# [EXERCISE REQUIREMENTS]
Your answer should consist solely of the lines from the one holding "Big pothole caused" through the final line of the entries, reproduced exactly and without pictures.

# [MATERIAL SHOWN]
*** Begin section ***
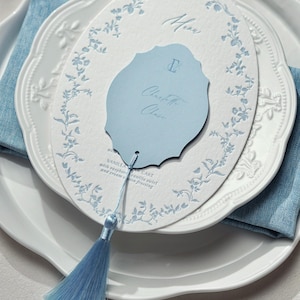 May include: An oval white menu card with a light blue floral border and a smaller, scalloped light blue card attached by a light blue tassel. The menu features the text Menu, the name Charlotte Chase, and the words Vanilla Bean Cake.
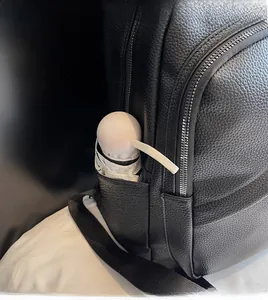 Detail of the black pebbled leather backpack side pocket with a white folding umbrella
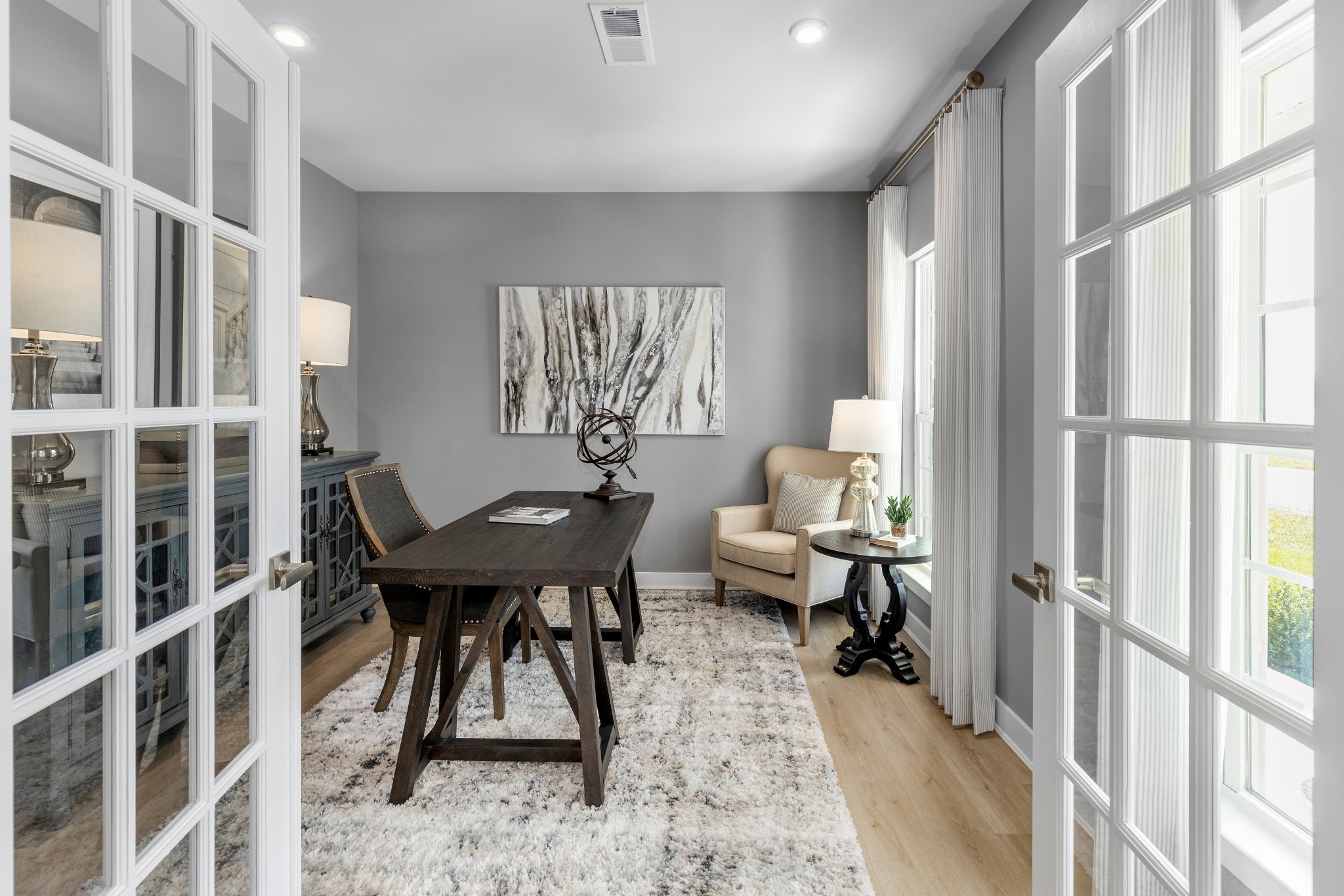 4019 Oglethorpe Drive Franklin, TN 37064 - Photo 30 of 31 a living room with furniture a large window and white walls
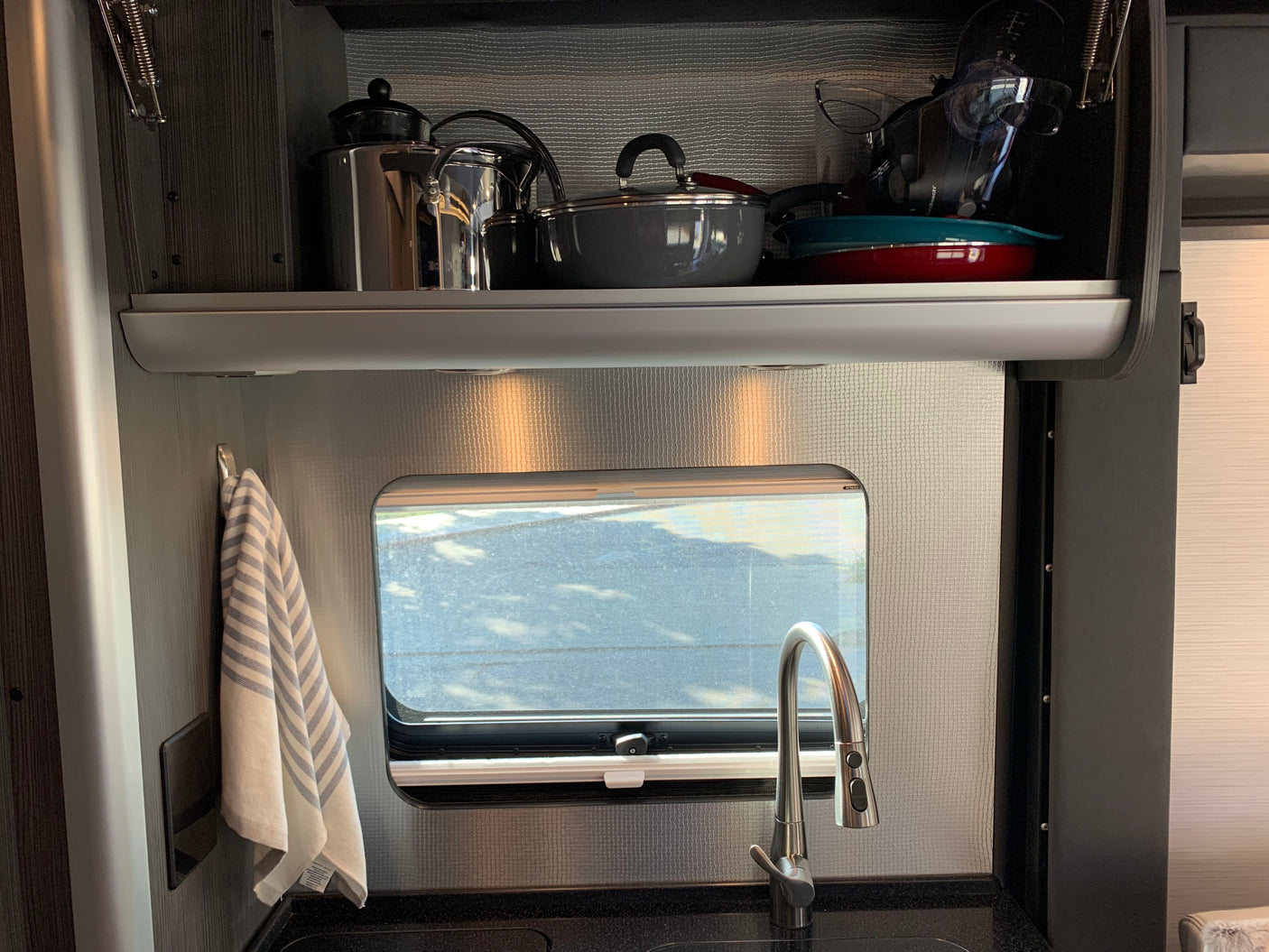 Efficient RV rental galley: overhead cabinets with pots, pans, a sink with pull-down faucet, and window view.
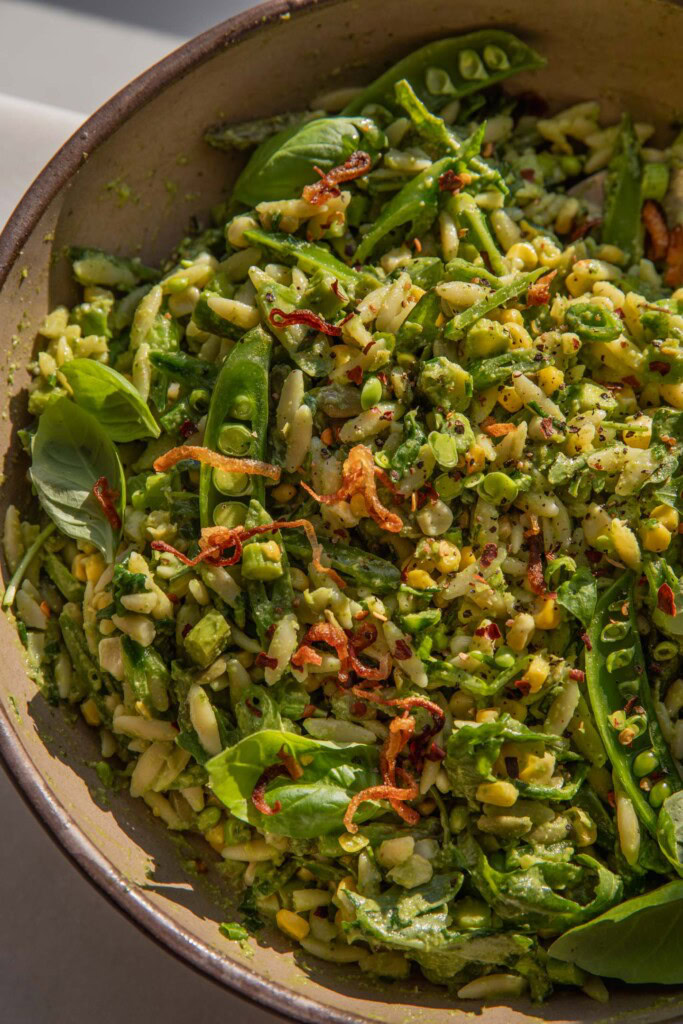 Mixing bowl filled with pasta salad tossed with basil vinaigrette.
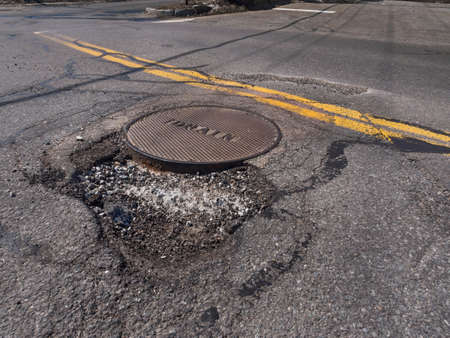 Big pothole caused by freezing and thawing during spring seasonの写真素材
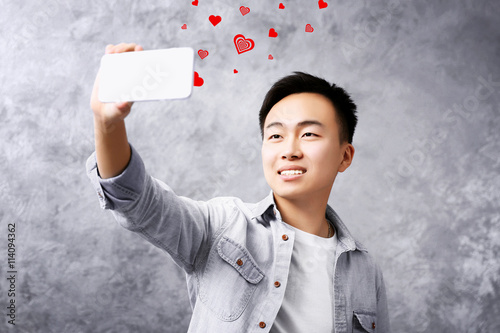 Young Asian boy holding sma...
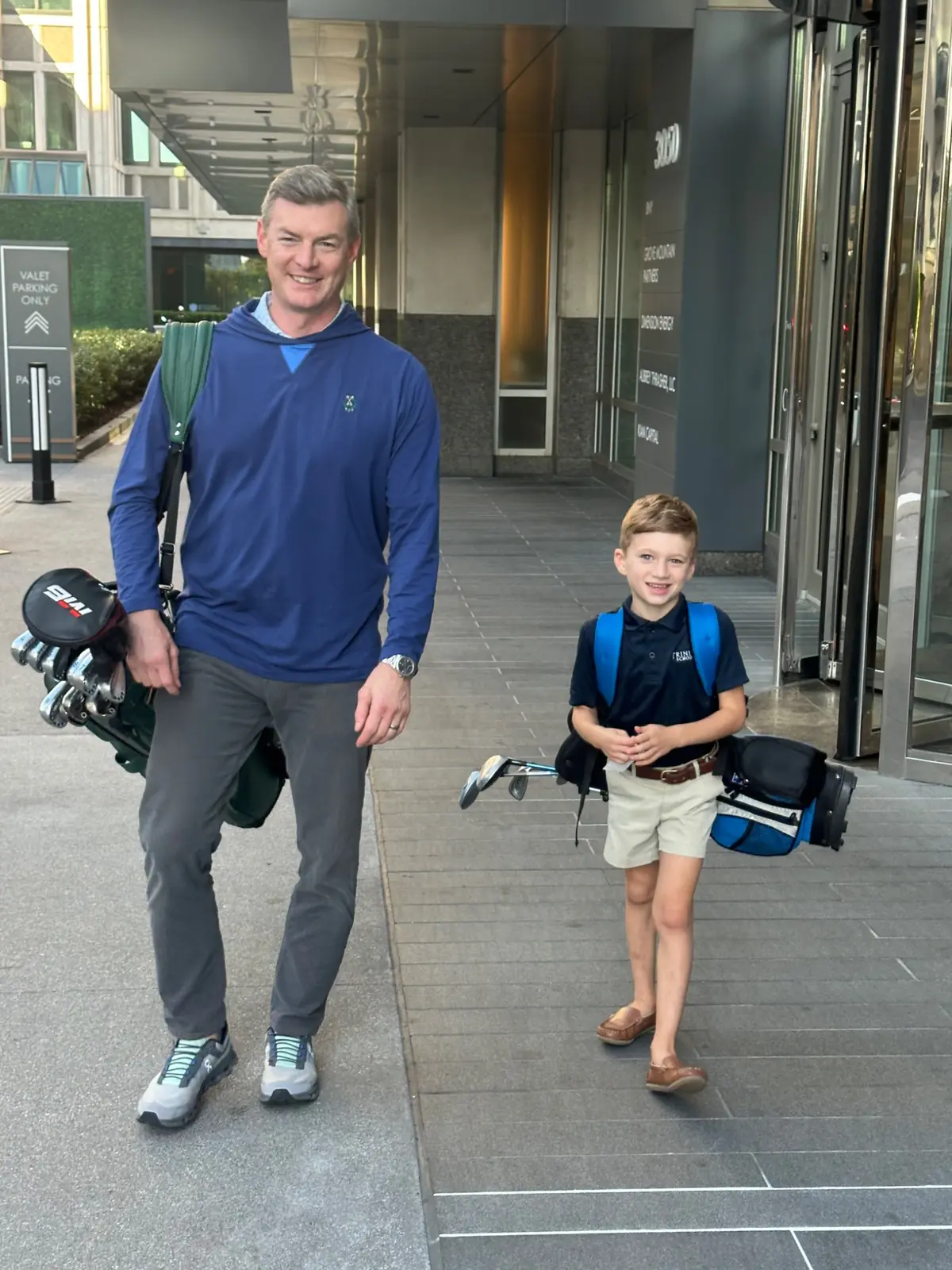 Leo and his dad with golf clubs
*** End section ***
# [ANSWER BELOW]
 Big pothole caused by freezing and thawing during spring seasonの写真素材
 Young Asian boy holding sma...
 Leo and his dad with golf clubs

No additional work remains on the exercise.